The tentative budget is predicated on 2012-13 enrollment levels of 33,119 full-time equivalent students, a recent high mark. Since then enrollment has fallen, believed largely due to an ongoing accreditation controversy.
“As we prepare our budget of fiscal year 2014-2015 we face great uncertainty and risk,” said Vice Chancellor of Finance and Administration Ron Gerhard in a budget memo dated Feb. 13.
To mitigate this risk, three budget scenarios were developed, factoring in enrollment decline to plan for an orderly downsizing of operations if funding and/or accreditation issues develop.
The first scenario assumes no access to an outside funding sources and an enrollment decline of 4,000 full time equivalent students resulting in a budgetary shortfall greater than $18 million, approximately nine percent of total revenue. Subsequent operations and personnel reduction, including faculty, would be implemented to balance the budget.
The second scenario projects the same enrollment decline but assumes access to outside funding to make up the $18 million-plus shortfall.
The third scenario optimal, where enrollment equals or exceeds 2012-13 levels and the college resumes normal fiscal operations while working to resolve the outstanding accreditation issues.
Last year, the college was permitted to access stability funding from the state, offsetting an enrollment decline and resultant financial shortfall. It provided additional funds to match operating expenses.
As confirmed by Chancellor Arthur Tyler and according to the Governor’s May California Budget for 2014-15 posted online Aug. 4, access to stability funding will continue for at least another two years.
How heavily City College will rely on outside funding will depend on fall enrollment levels. Admission and Records declined to comment on preliminary Fall 2014 enrollment figures.

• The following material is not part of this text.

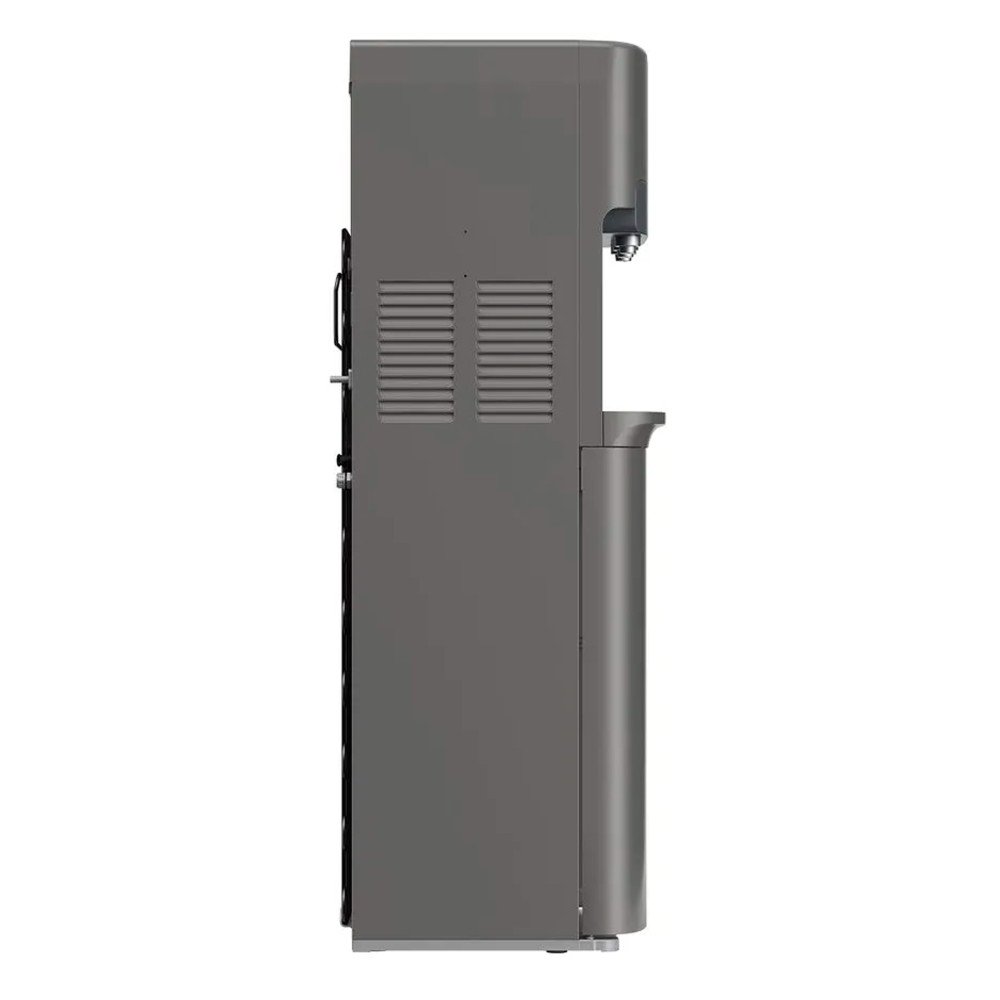 Dispensador de Agua Electrolux|ED30SR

The tentative budget builds in a contingency fund of $7.5 million to meet unforeseen expenses as a further buffer. The budget assumes a deficit of $2.8 million.

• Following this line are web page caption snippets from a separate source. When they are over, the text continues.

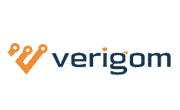Verigom Coupon Code and Promo codes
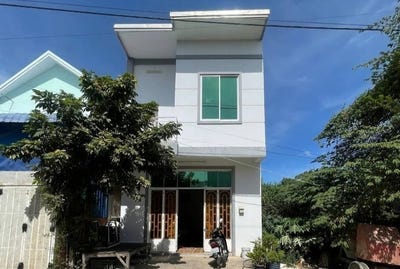 /international/kh/kouk-roka-prek-pnov-phnom-penh-360107110864/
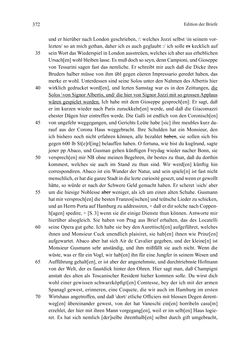 Bild der Seite - 372 - in Die Operisti als kulturelles Netzwerk - Der Briefwechsel von Franz und Marianne Pirker, Band 1 & 2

The planned shortfall will be resolved through efficiencies and focused cost savings measures as opposed to reducing department budgets proportionately.
City College must achieve enrollment levels equal to or greater than 2012-13 levels to regain financial independence.
The College has been working on the accreditation issues, having reportedly resolved 94 percent of the alleged violations. The administration continues making substantial progress toward removing the cloud of uncertainty hovering over the school‘s future.
Chancellor Arthur Tyler explains in his tentative budget letter dated May 19 that this year’s planning cycle as the first under the new Board Policies 8.01 and Administrative Procedures 8.01. These are guiding planning documents.
Two chief criterions are that the budget supports the College’s educational mission and another specifies the final budget to be balanced with revenue equaling expenditures.
Other items of note in the proposed budget are that dollars allocated for faculty positions are projected to decrease across all categories; one category, Faculty Regular Hrs PBL, by over $4 million from 2013-14 level.
Health plan costs are to increase by almost $1.7 million as well as contributions to San Francisco retirement system by $873 thousand. Overall, total figures are projected to remain flat in comparison to last year’s budget.